(Day 316) Reading more of the infamous Designing ML systems book

Ivan Ivanov · November 12, 2024

Hello :) Today is Day 316!

A quick summary of today:

read more of Chip Huyen’s book
streamed

Designing ML systems - chapter 5 - Feature engineering

Common feature engineering operations

handling missing values (MNAR/MAR/MCAR)
- delete them
- impute them
scaling
discretisation (binarisation)
encoding cat features
feature crossing
discrete and continuous positional embeddings

Data leakage

Common causes for data leakage

splitting time-correlated data randomly instead of by time
scaling before splitting
filling in missing data with stats from the test split
poor handling of data duplication before splitting
group leakage
leakage from data generation process

Engineering good features

the more features you have, the more opportunities there are for data leakage
too many features can cause overfitting
too many features can increase memory required to serve a model, which, in turn, might require you to use a more expensive machine/instance to serve your model
too many featuers can incrase inference latency when doing online prediction, especially if we need to extract these features from data raw
useless features become technical debt; whenever the data pipe changes, all the affected features need to be adjusted accordingly

Feature importance

default model’s feature importance method
SHAP
InterpretML

Feature generalisation

This ensures that an ML model can make reliable predictions on unseen data by using features that generalise well beyond the training set. Not all features have equal generalisation power. For instance, identifiers specific to each instance (like a comment ID) don’t generalise, while identifiers linked to broader attributes (like usernames) might.

Measuring feature generalisation relies on intuition, domain knowledge, and statistical understanding. Key factors include coverage—the percentage of data samples containing the feature—and value distribution. High coverage suggests better generalisability, while low coverage, especially if values are missing randomly, can reduce utility. However, if missingness is systematic (i.e. the feature only appears in cases with positive labels), even low-coverage features may add value.

Features should ideally have consistent coverage and distributions across both training and testing splits. Variances here might indicate that the splits don’t share the same distribution, potentially hinting at data leakage. Overlapping distributions also help, as seen in time-based features like HOUR_OF_THE_DAY for traffic models, which often cover the same range across training and test sets. More specific features, like IS_RUSH_HOUR, generalise better but may lose critical detail provided by broader features, highlighting a trade-off between generalisation and specificity.

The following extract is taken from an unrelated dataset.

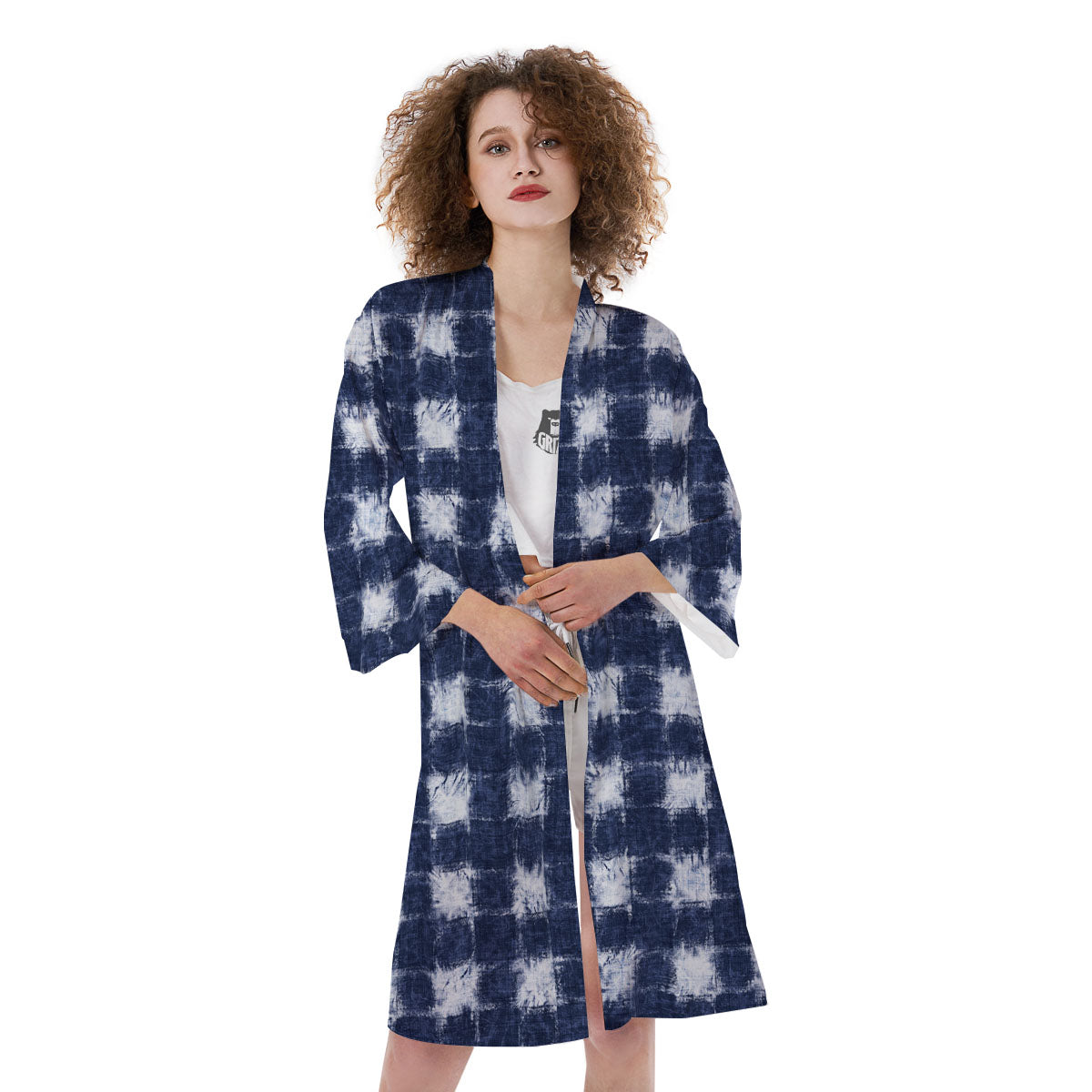 Grid Shibori Print Pattern Kimono-grizzshop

Chapter 6 - Model development and offline evaluation

Model development and training

6 tips for model selection

avoid the state-of-the-art trap
start with the simplest models
avoid human biases in selecting models
evaluate good performance now vs. good performance later
evaluate trade-offs
understand our model’s assumptions (prediction, IID, smoothness, tractability, boundaries, cond. independence, normally distributed)

Ensembles

They are popular solution for competitions like Kaggle, and provide competitive performance. However, they a re less favoured in production because ensembles are more complex to deploy and harder to maintain. However, they are still common for tasks where a small performance boost can lead to a huge financial gain, such as predicting click-through rate for ads.

Ensembles consist of methods such as boosting, bagging and stacking, shown in the pictures below, respectively.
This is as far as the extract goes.